## [Task objective]
What needs reproducing is the run of lines in the data below starting at the line with "Used 2019 GMC Sierra 1500 SLT image 41" and ending at the line with "Cabriès, Maison 4", both ends included. Copy it exactly, without pictures, and add nothing.

BEGIN Extracted information

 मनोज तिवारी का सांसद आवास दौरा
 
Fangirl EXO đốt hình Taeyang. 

END Extracted information
BEGIN Extracted information

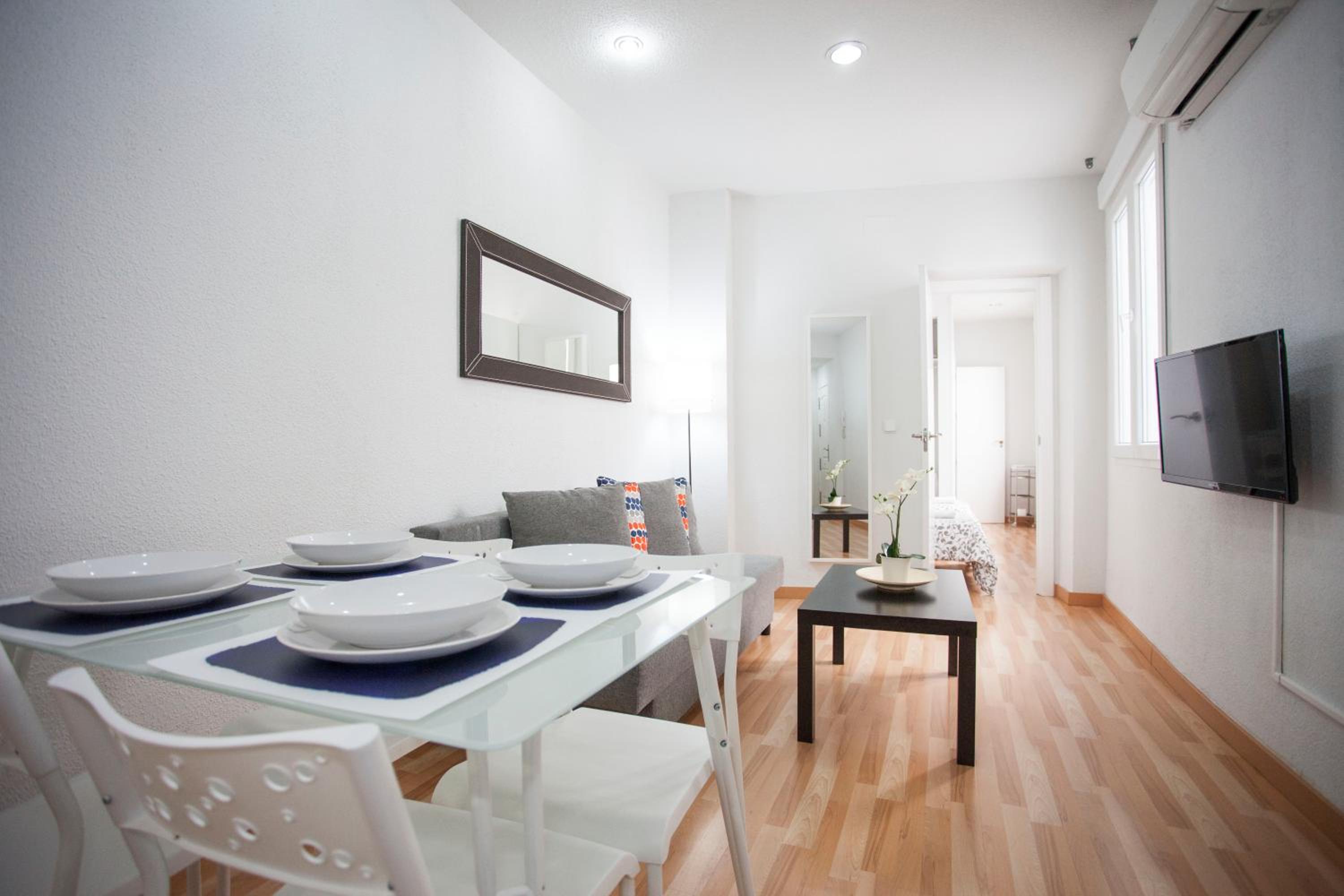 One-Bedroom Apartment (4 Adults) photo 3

END Extracted information
BEGIN Extracted information

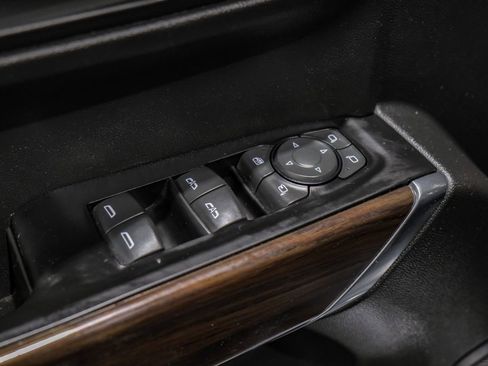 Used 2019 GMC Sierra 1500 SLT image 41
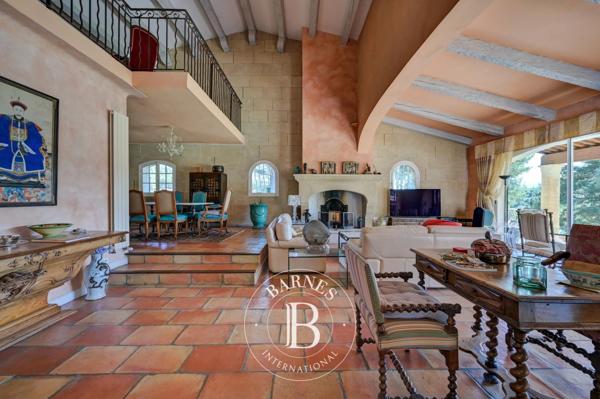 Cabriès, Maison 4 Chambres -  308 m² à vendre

END Extracted information

## [Solution to this problem]
 Used 2019 GMC Sierra 1500 SLT image 41
 Cabriès, Maison 4 Chambres -  308 m² à vendre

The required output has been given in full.